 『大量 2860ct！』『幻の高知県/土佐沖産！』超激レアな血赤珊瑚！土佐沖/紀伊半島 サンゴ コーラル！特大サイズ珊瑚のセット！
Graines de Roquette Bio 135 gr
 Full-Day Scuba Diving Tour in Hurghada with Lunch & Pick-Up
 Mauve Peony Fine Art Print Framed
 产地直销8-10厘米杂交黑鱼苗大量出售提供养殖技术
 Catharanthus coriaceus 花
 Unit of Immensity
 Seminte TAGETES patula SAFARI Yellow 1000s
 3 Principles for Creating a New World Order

...

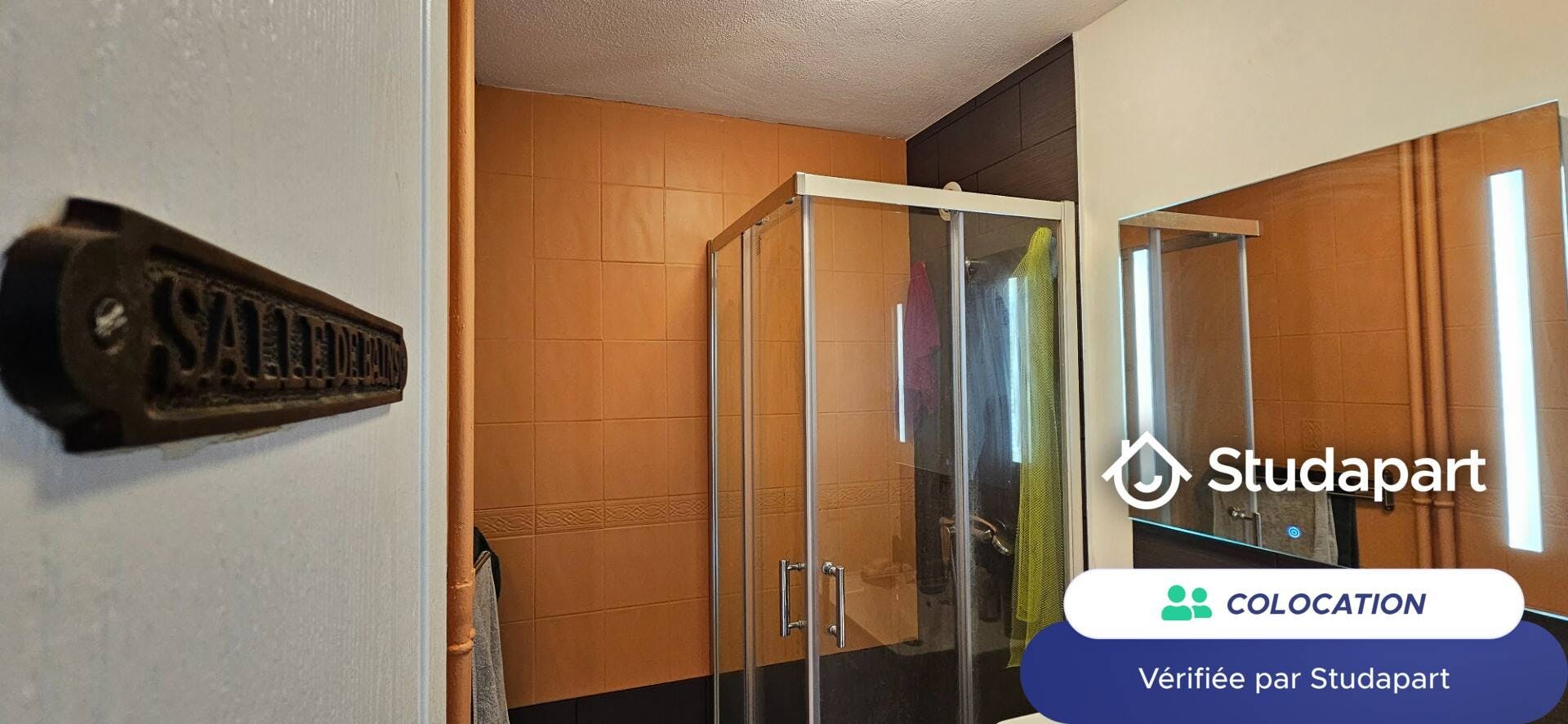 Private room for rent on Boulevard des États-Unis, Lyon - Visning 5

» **Directions**:
Transcribe the records above from the line holding "Mauve Peony Fine Art Print Framed" down to the line holding "3 Principles for Creating a New World Order", inclusive, without adding anything.

» **Result below**:
 Mauve Peony Fine Art Print Framed
 产地直销8-10厘米杂交黑鱼苗大量出售提供养殖技术
 Catharanthus coriaceus 花
 Unit of Immensity
 Seminte TAGETES patula SAFARI Yellow 1000s
 3 Principles for Creating a New World Order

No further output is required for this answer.